━━ MATERIAL FOR THIS TASK ━━

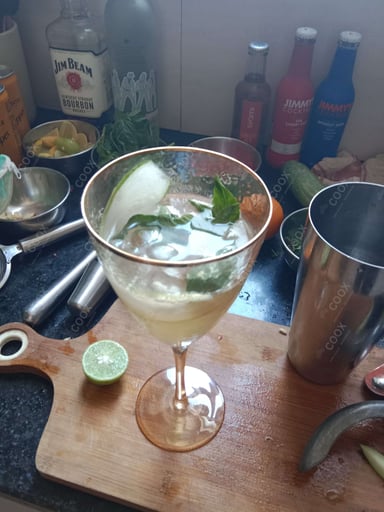 Delicious Virgin Mojito prepared by COOX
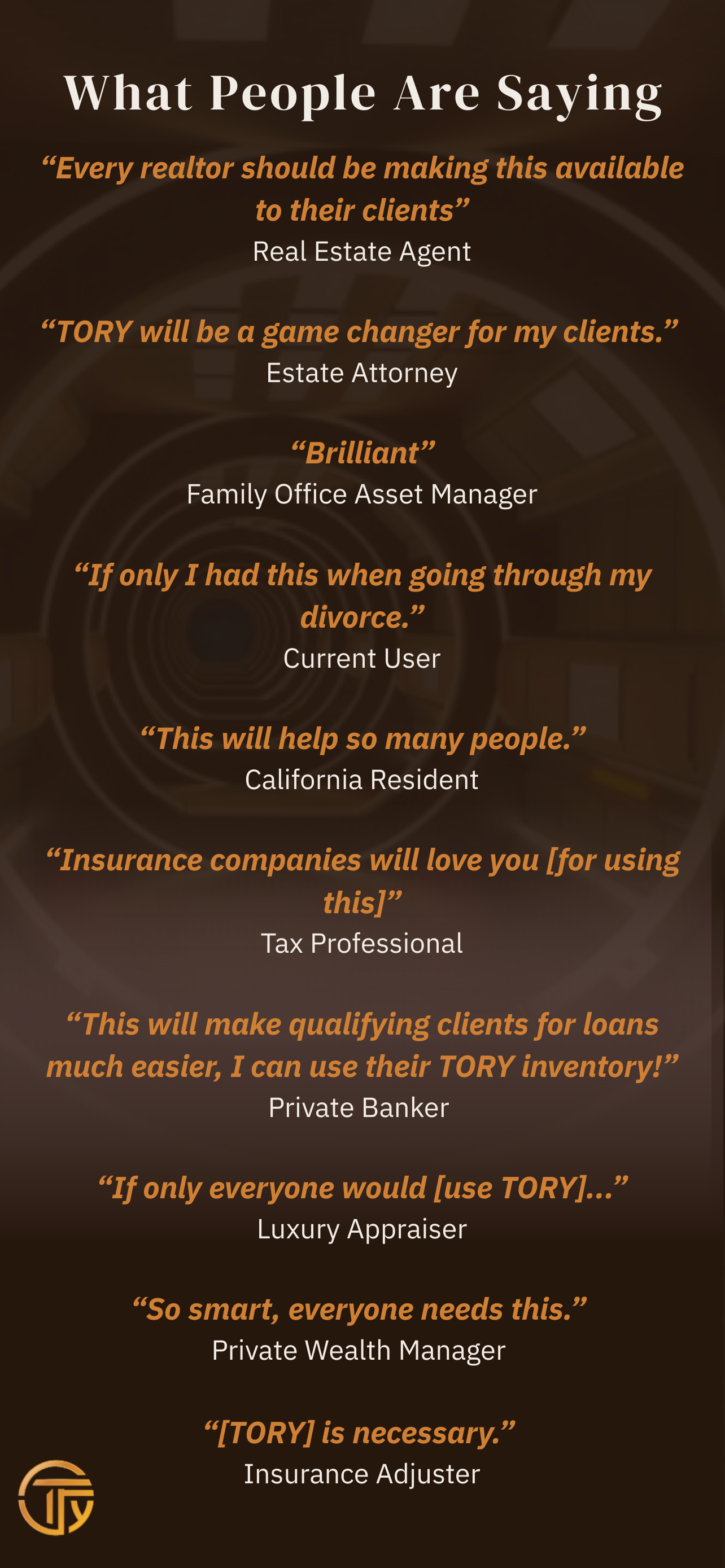 TORY Inventory Capital Manager screenshot 9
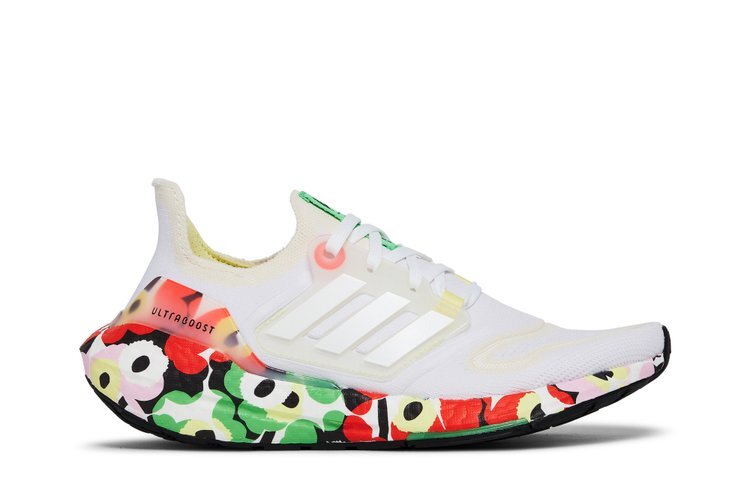 Кроссовки Adidas Marimekko x Wmns UltraBoost 22, белый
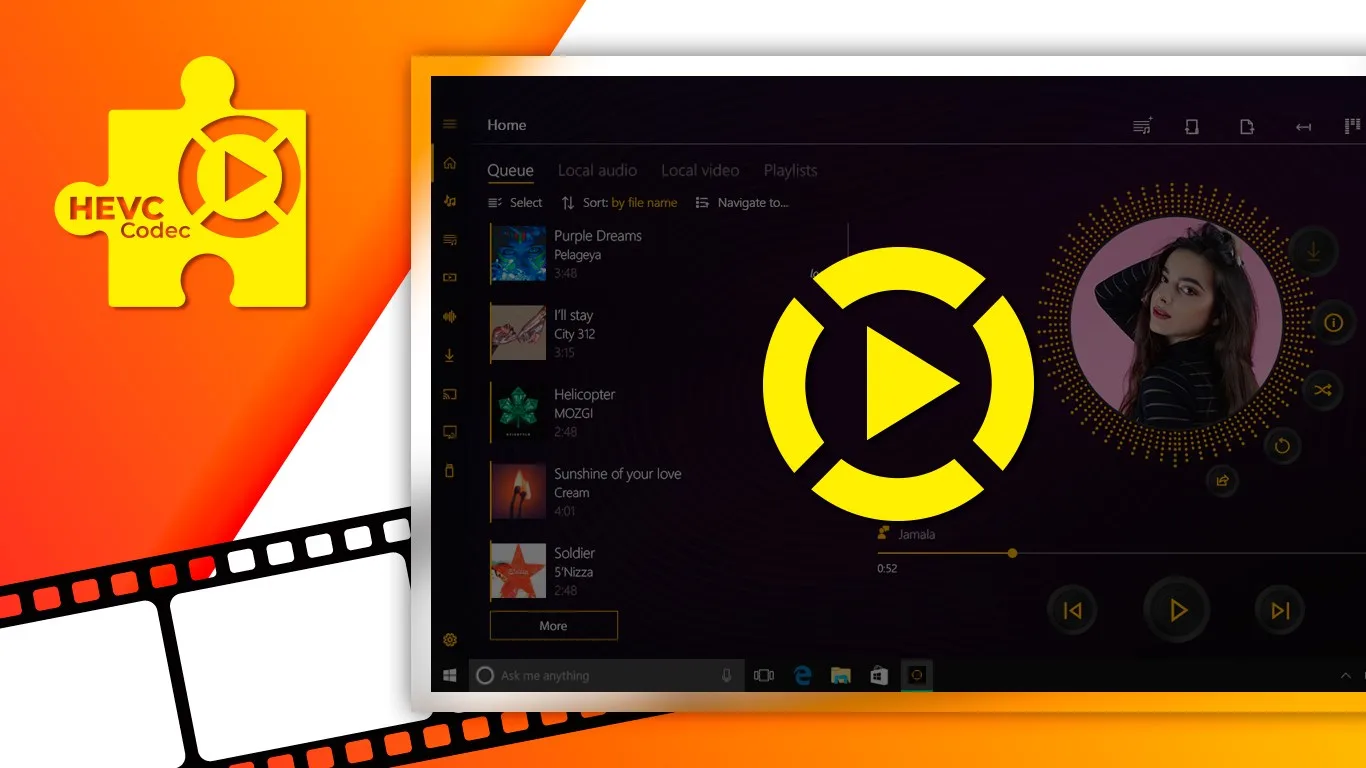 HEVC Video Codec Pack screenshot 1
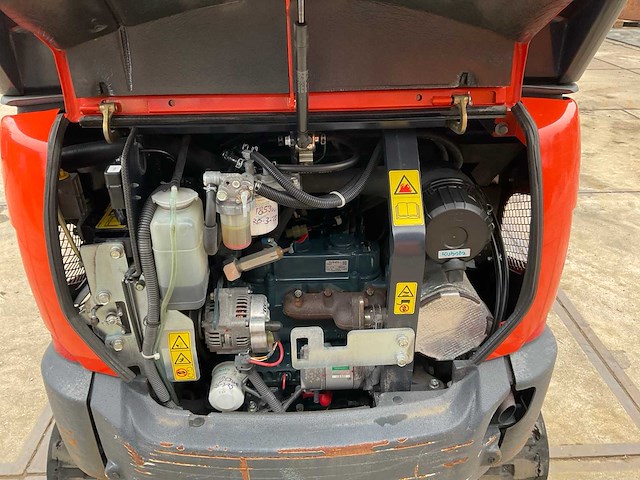 2022 kubota kx019-4 midigraafmachine cw 05 - afbeelding 8 van  33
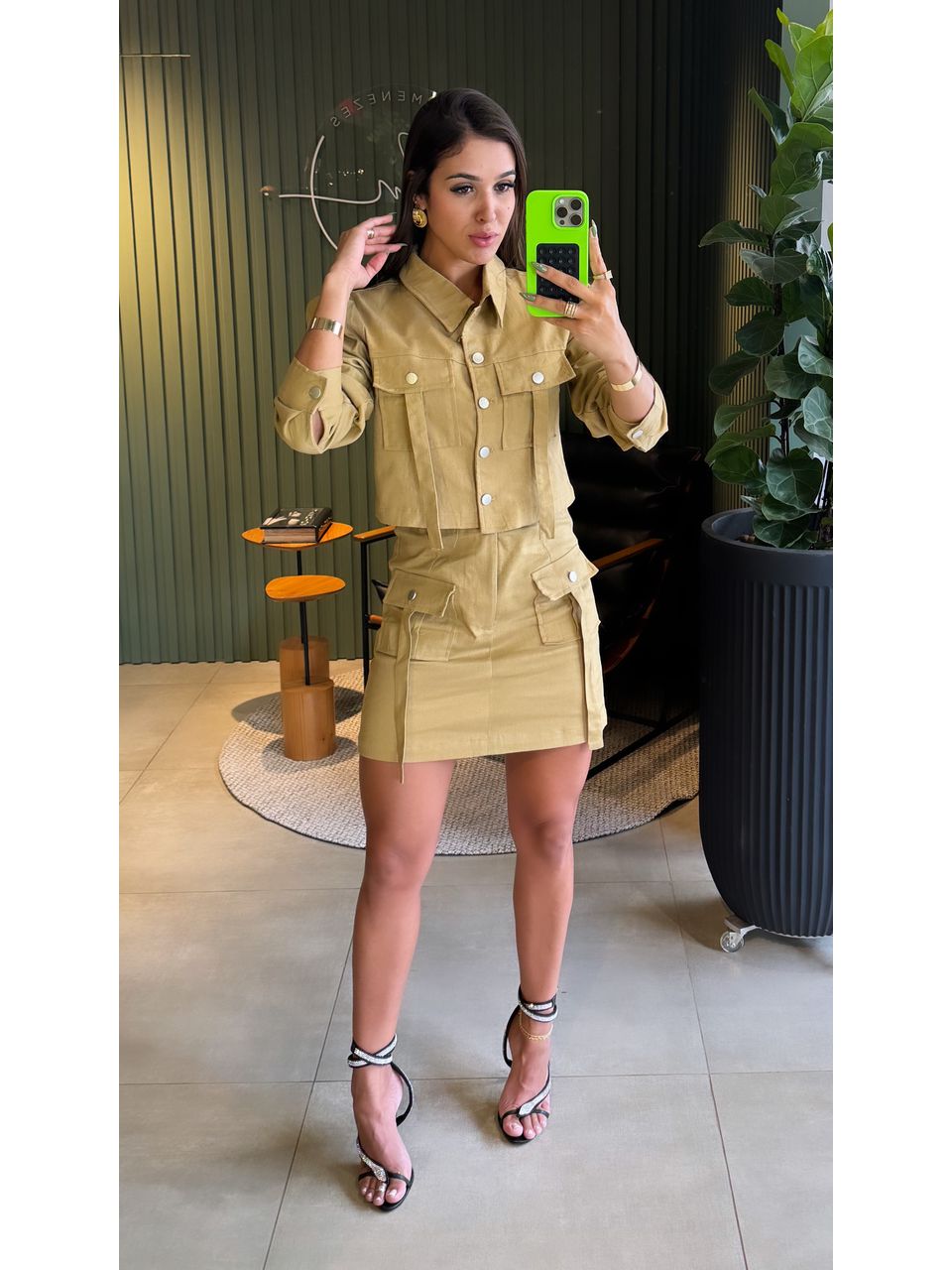 CONJUNTO CARGO LAURA CREME - 0007070054 - ISABELA MENEZES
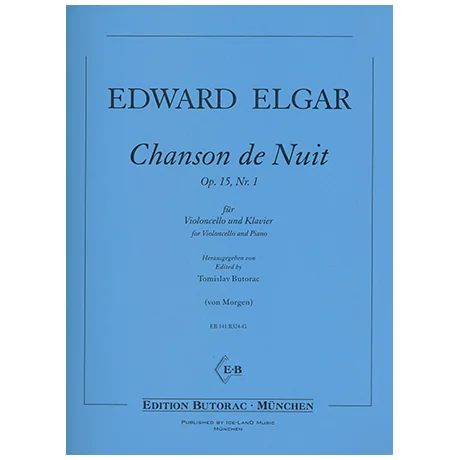 Elgar, E.: Chanson de Nuit Op.15 Nr. 1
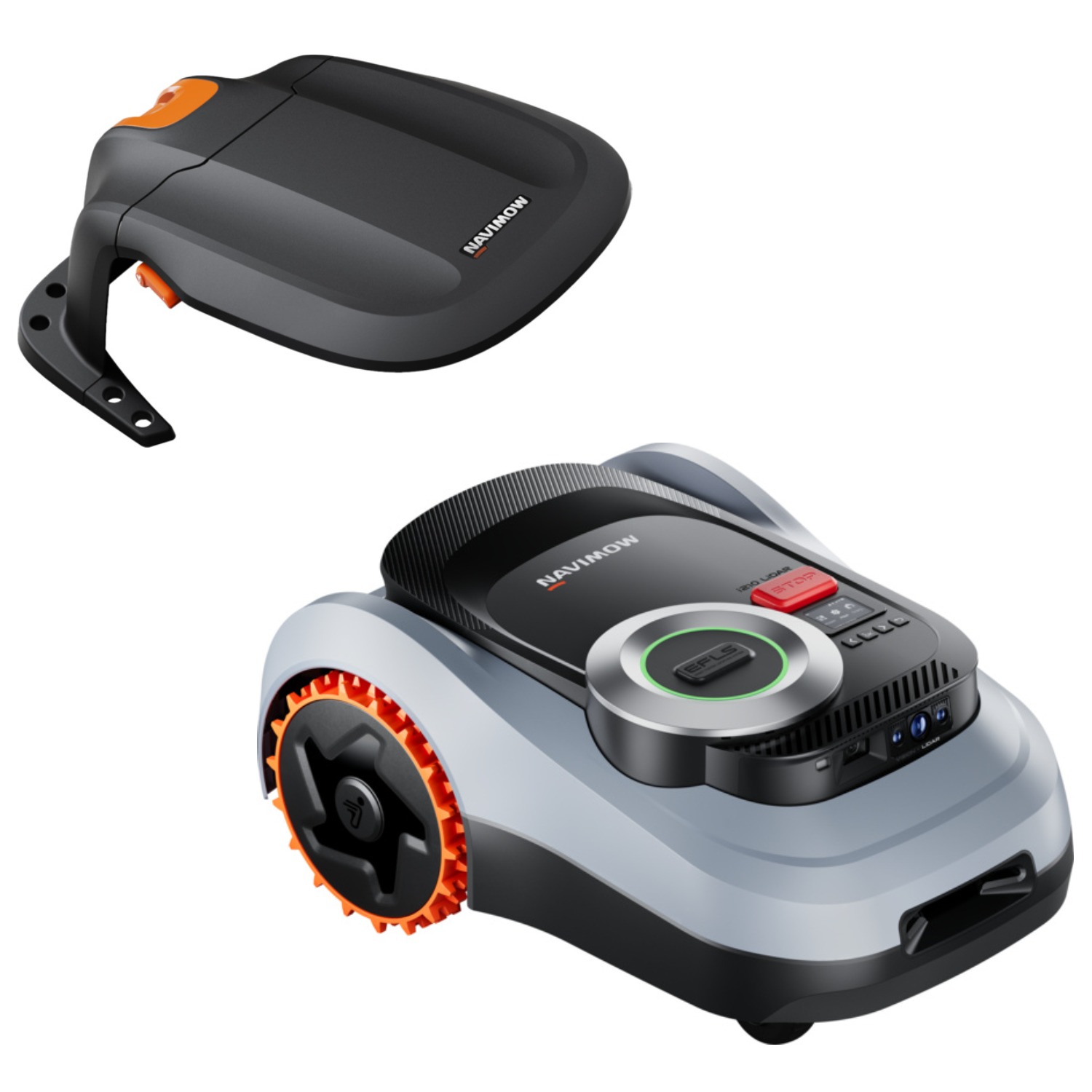 Segway Navimow Mähroboter i210E Lidar mit Garage M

━━━

# [WORK REQUIRED]
Your output should consist solely of the lines from the line containing "Elgar, E.: Chanson de Nuit Op.15 Nr. 1" through the end of the data above, copied exactly, with images removed.

# [RESPONSE]
 Elgar, E.: Chanson de Nuit Op.15 Nr. 1
 Segway Navimow Mähroboter i210E Lidar mit Garage M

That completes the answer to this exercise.